■ **Image-caption web data**
┄┄┄┄┄┄┄┄┄┄

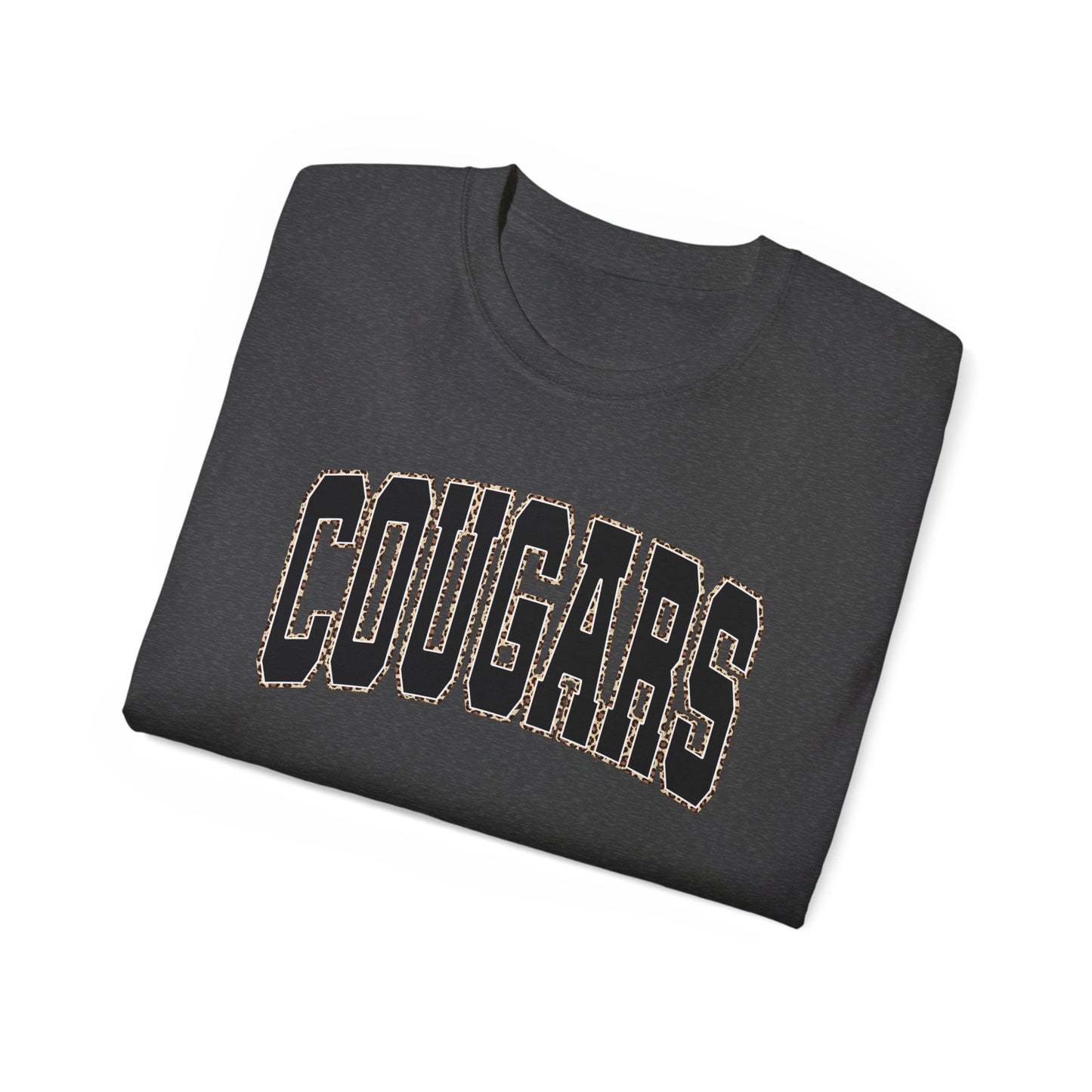 Cougars Arch Logo Tee Leopard Print Outline— Vintage Collegiate Graphic T-Shirt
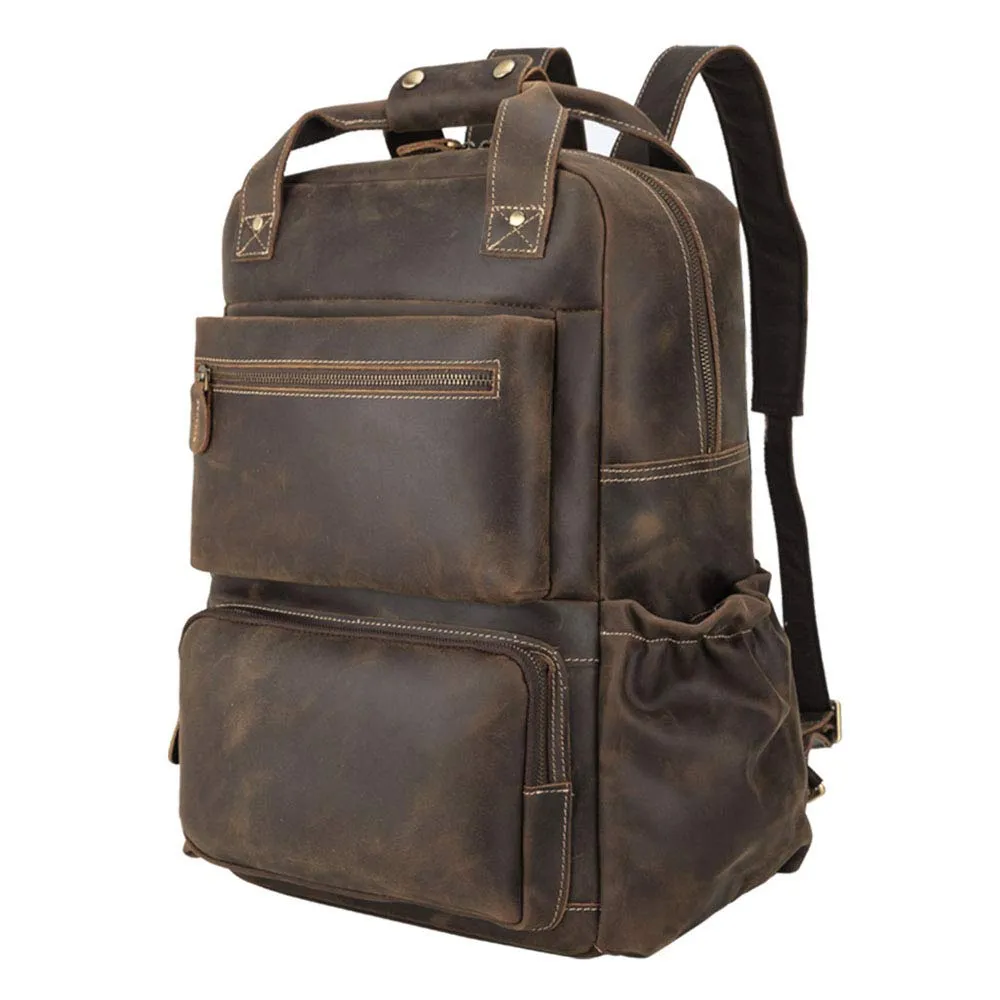 YAAGLE Men's Leather Backpack 15.6 inch Laptop Backpack Large Capacity Business Travel Office Daypacks with YKK Zipper YG8876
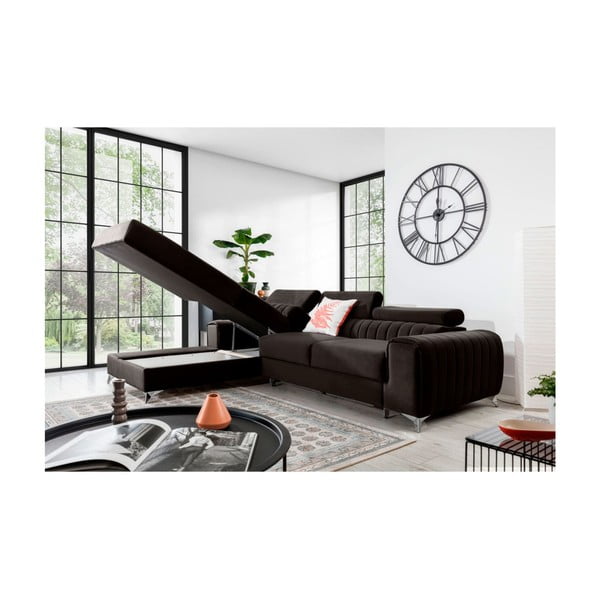 Divano angolare marrone scuro allungabile/con contenitore (con penisola a sinistra/con chaise lounge) e rivestimento in velluto Grayson – ELTAP-image-3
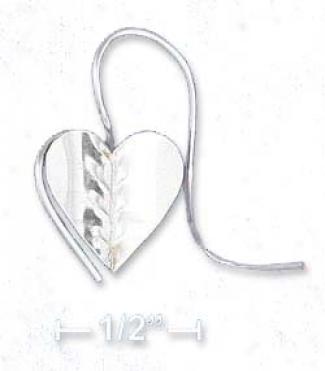 Sterling Silver Flat Folded Heart Curved Wire Earrings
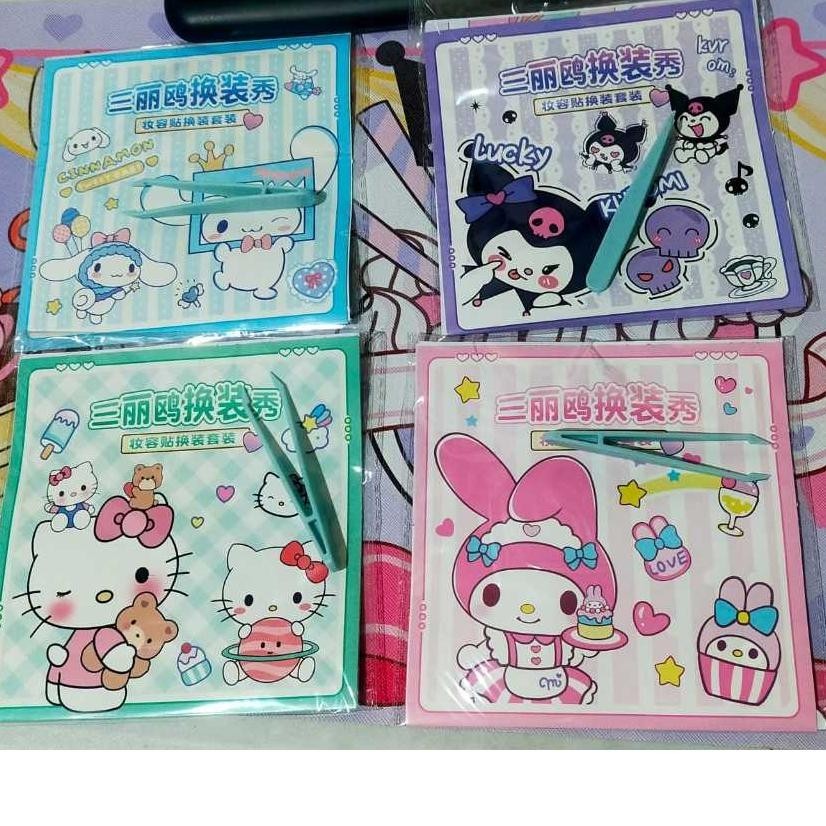 

WER Sticker Hias Wajah Karakter Korea Girl - Sanrio / Sticker ekspresi girl change make up - Kuromi - Melody - Helokitty stiker hias wajah girl sanrio card mix Stiker Main Anak Makeup Book Hias Wajah Cantik / stiker ubah wajah stiker Princess dress up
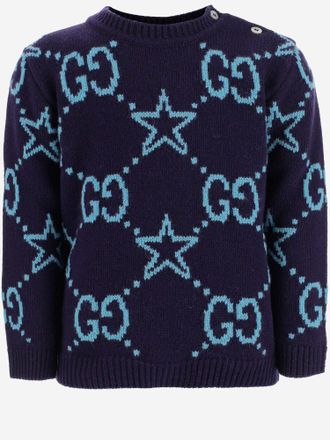Gucci GG Stars Intarsia Sweater - Navy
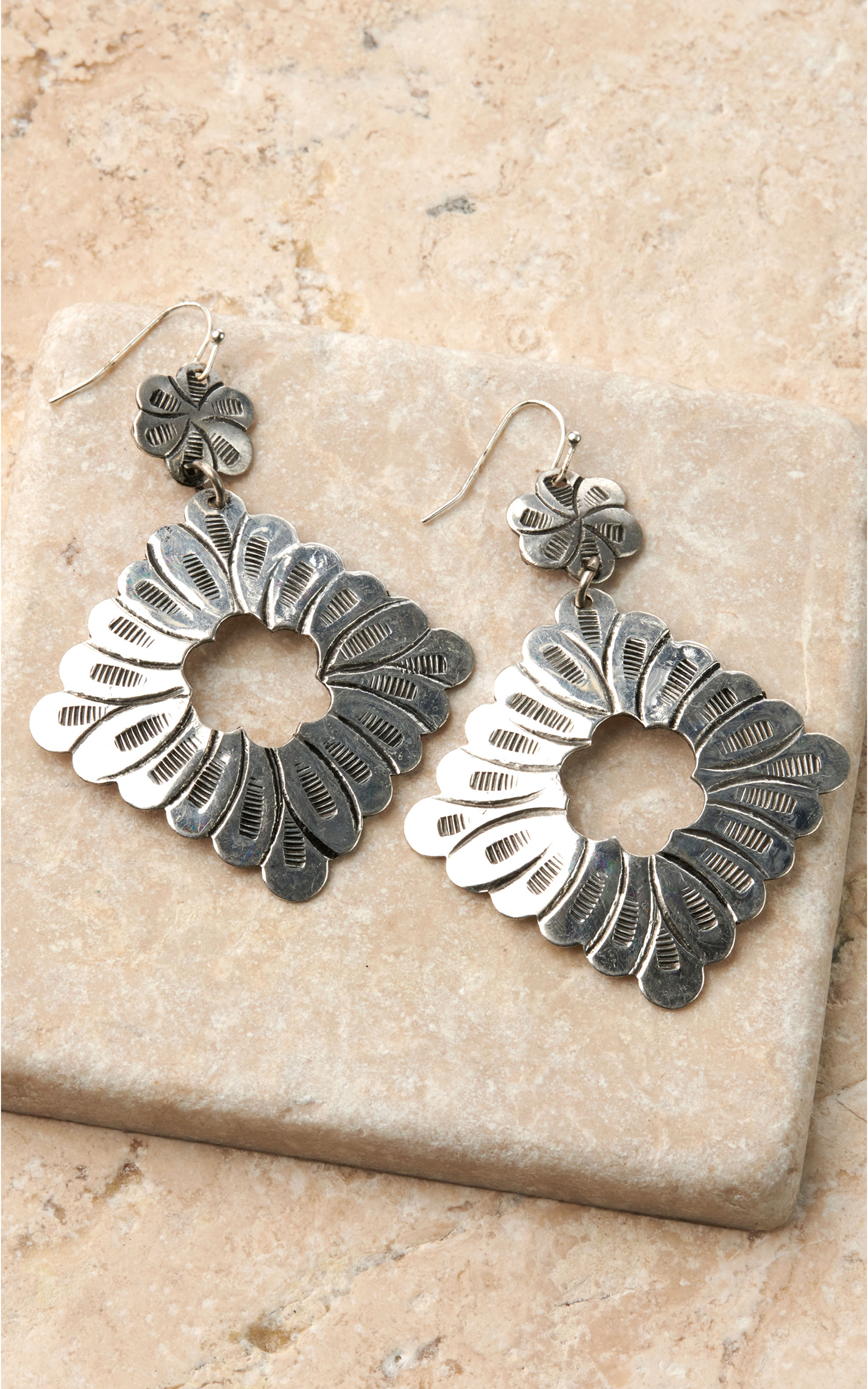 Silver Strike Silver Floral Diamond Earrings - Image 1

┄┄┄┄┄┄┄┄┄┄

■ **Exercise description**
Beginning with the first line of the records and ending with the line that contains "Sterling Silver Flat", reproduce every line exactly, omitting pictures and adding nothing.

■ **Completed task**
 Cougars Arch Logo Tee Leopard Print Outline— Vintage Collegiate Graphic T-Shirt
 YAAGLE Men's Leather Backpack 15.6 inch Laptop Backpack Large Capacity Business Travel Office Daypacks with YKK Zipper YG8876
 Divano angolare marrone scuro allungabile/con contenitore (con penisola a sinistra/con chaise lounge) e rivestimento in velluto Grayson – ELTAP-image-3
 Sterling Silver Flat Folded Heart Curved Wire Earrings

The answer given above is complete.